3000 Aktenordner müssen durchforstet werden.
3000 Aktenordner müssen durchforstet werden. FOTO: dpa
Potsdam. Der Brandenburger NSU-Untersuchungsausschuss kann künftig alle Akten des Verfassungsschutzes des Landes Brandenburg ungeschwärzt einsehen. Das sicherte Innenminister Karl-Heinz Schröter (SPD) am Freitag den Abgeordneten zu. iwe1 Foto: dpa Foto: dpa

Informationen, die von anderen deutschen Geheimdiensten stammten, würden nach Rücksprache mit diesen teilweise geschwärzt. Bei Informationen von ausländischen Geheimdiensten müssten allerdings alle Passagen, die Rückschlüsse auf Informanten zuließen, geschwärzt werden. "Wir haben damit einen guten Kompromiss gefunden zwischen dem Schutzinteresse des Geheimdienstes und dem berechtigten Interesse der Ausschussmitglieder", sagte Schröter. Der Brandenburger Verfassungsschutz sei auch weiterhin auf Informationen aus anderen Diensten angewiesen, daher müsse dort Rücksicht genommen werden.

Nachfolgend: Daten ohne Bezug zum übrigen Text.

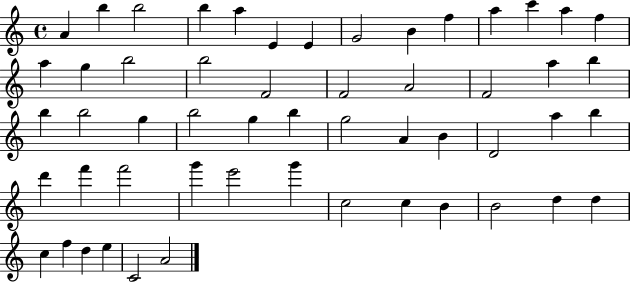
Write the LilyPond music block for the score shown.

{
  \clef treble
  \time 4/4
  \defaultTimeSignature
  \key c \major
  a'4 b''4 b''2 | b''4 a''4 e'4 e'4 | g'2 b'4 f''4 | a''4 c'''4 a''4 f''4 | \break a''4 g''4 b''2 | b''2 f'2 | f'2 a'2 | f'2 a''4 b''4 | \break b''4 b''2 g''4 | b''2 g''4 b''4 | g''2 a'4 b'4 | d'2 a''4 b''4 | \break d'''4 f'''4 f'''2 | g'''4 e'''2 g'''4 | c''2 c''4 b'4 | b'2 d''4 d''4 | \break c''4 f''4 d''4 e''4 | c'2 a'2 | \bar "|."
}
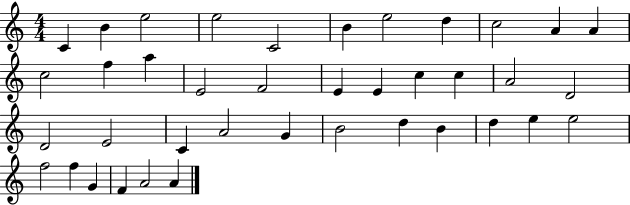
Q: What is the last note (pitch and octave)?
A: A4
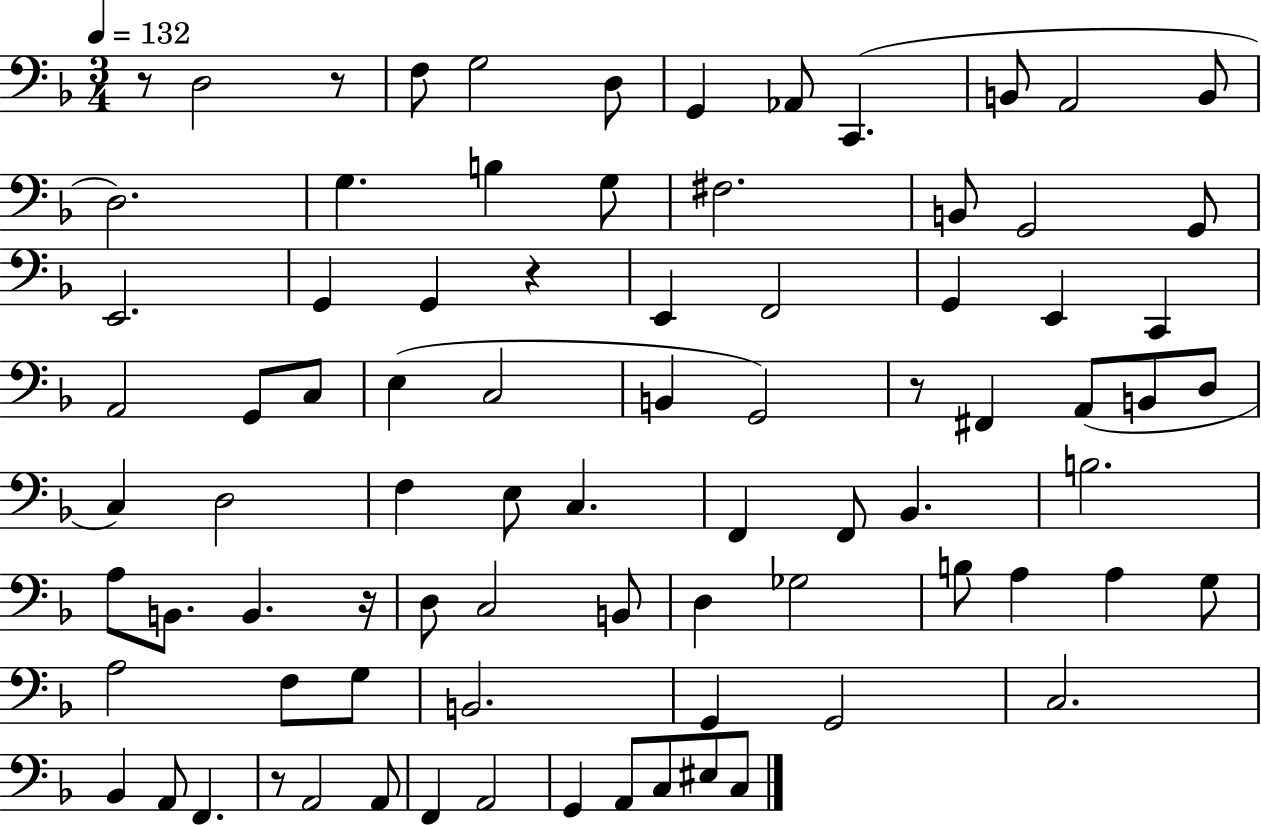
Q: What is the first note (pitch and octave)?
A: D3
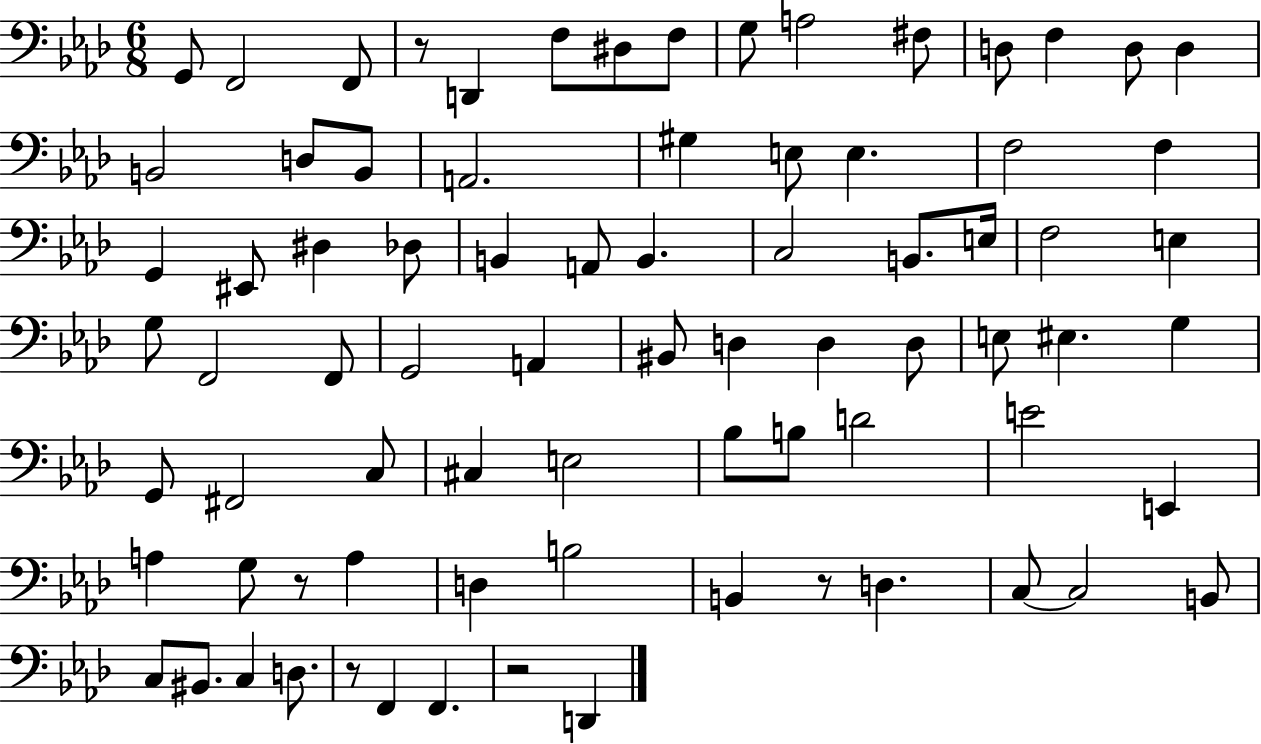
G2/e F2/h F2/e R/e D2/q F3/e D#3/e F3/e G3/e A3/h F#3/e D3/e F3/q D3/e D3/q B2/h D3/e B2/e A2/h. G#3/q E3/e E3/q. F3/h F3/q G2/q EIS2/e D#3/q Db3/e B2/q A2/e B2/q. C3/h B2/e. E3/s F3/h E3/q G3/e F2/h F2/e G2/h A2/q BIS2/e D3/q D3/q D3/e E3/e EIS3/q. G3/q G2/e F#2/h C3/e C#3/q E3/h Bb3/e B3/e D4/h E4/h E2/q A3/q G3/e R/e A3/q D3/q B3/h B2/q R/e D3/q. C3/e C3/h B2/e C3/e BIS2/e. C3/q D3/e. R/e F2/q F2/q. R/h D2/q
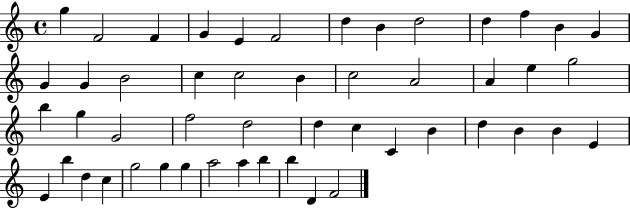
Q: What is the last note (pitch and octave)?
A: F4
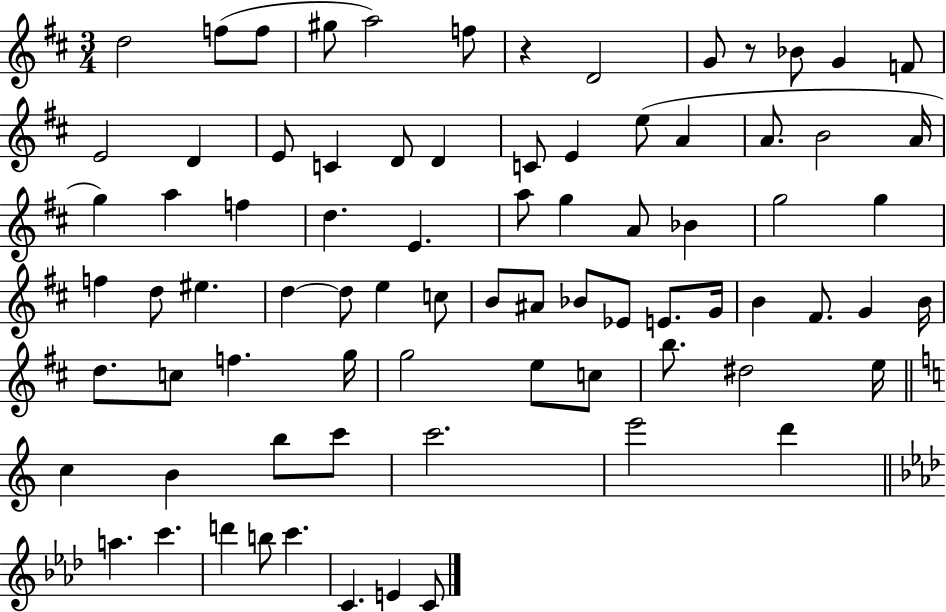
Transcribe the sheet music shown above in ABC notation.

X:1
T:Untitled
M:3/4
L:1/4
K:D
d2 f/2 f/2 ^g/2 a2 f/2 z D2 G/2 z/2 _B/2 G F/2 E2 D E/2 C D/2 D C/2 E e/2 A A/2 B2 A/4 g a f d E a/2 g A/2 _B g2 g f d/2 ^e d d/2 e c/2 B/2 ^A/2 _B/2 _E/2 E/2 G/4 B ^F/2 G B/4 d/2 c/2 f g/4 g2 e/2 c/2 b/2 ^d2 e/4 c B b/2 c'/2 c'2 e'2 d' a c' d' b/2 c' C E C/2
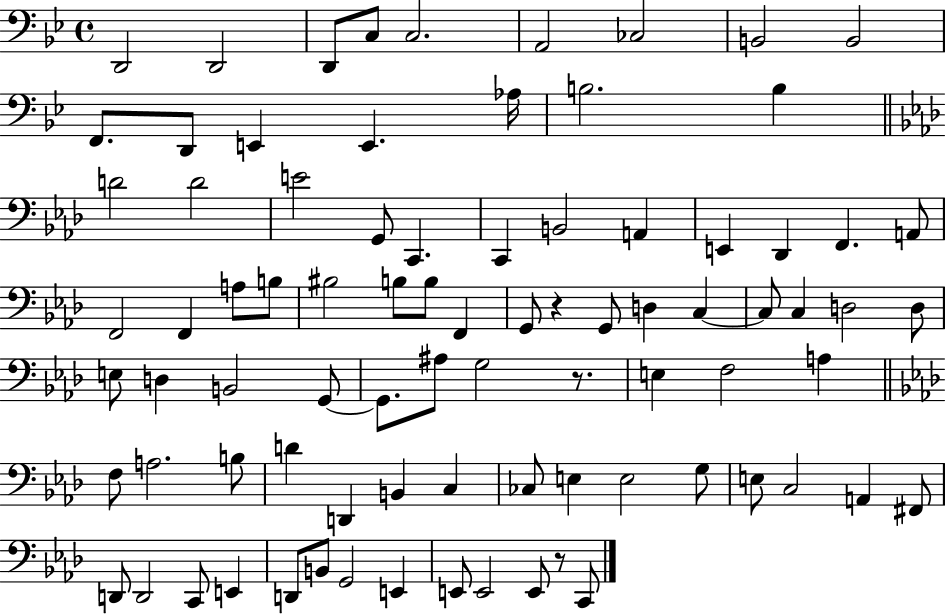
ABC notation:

X:1
T:Untitled
M:4/4
L:1/4
K:Bb
D,,2 D,,2 D,,/2 C,/2 C,2 A,,2 _C,2 B,,2 B,,2 F,,/2 D,,/2 E,, E,, _A,/4 B,2 B, D2 D2 E2 G,,/2 C,, C,, B,,2 A,, E,, _D,, F,, A,,/2 F,,2 F,, A,/2 B,/2 ^B,2 B,/2 B,/2 F,, G,,/2 z G,,/2 D, C, C,/2 C, D,2 D,/2 E,/2 D, B,,2 G,,/2 G,,/2 ^A,/2 G,2 z/2 E, F,2 A, F,/2 A,2 B,/2 D D,, B,, C, _C,/2 E, E,2 G,/2 E,/2 C,2 A,, ^F,,/2 D,,/2 D,,2 C,,/2 E,, D,,/2 B,,/2 G,,2 E,, E,,/2 E,,2 E,,/2 z/2 C,,/2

Justizminister Stefan Ludwig (Linke) versprach ebenfalls, alle Unterlagen seines Hauses zur Verfügung zu stellen. Das Informationsinteresse der Abgeordneten hat allerdings auch seinen Preis: Allein die Akten des Verfassungsschutzes, die nun auf für den Untersuchungsausschuss relevante Informationen durchgesehen werden müssen, summieren sich nach Angaben Schröters auf rund 3000 Aktenordner. Und in jeder Akte könnten sich Informationen finden, die wegen der Zusammenarbeit mit einem anderen Nachrichtendienst geschwärzt werden müssen. "Ich werde mit Abteilung fünf meines Ministeriums Gespräche führen, ob sich das mit Personal aus dem Innenministerium machen lässt, oder ob ich dem Landtag mitteile, dass wir Verstärkung brauchen."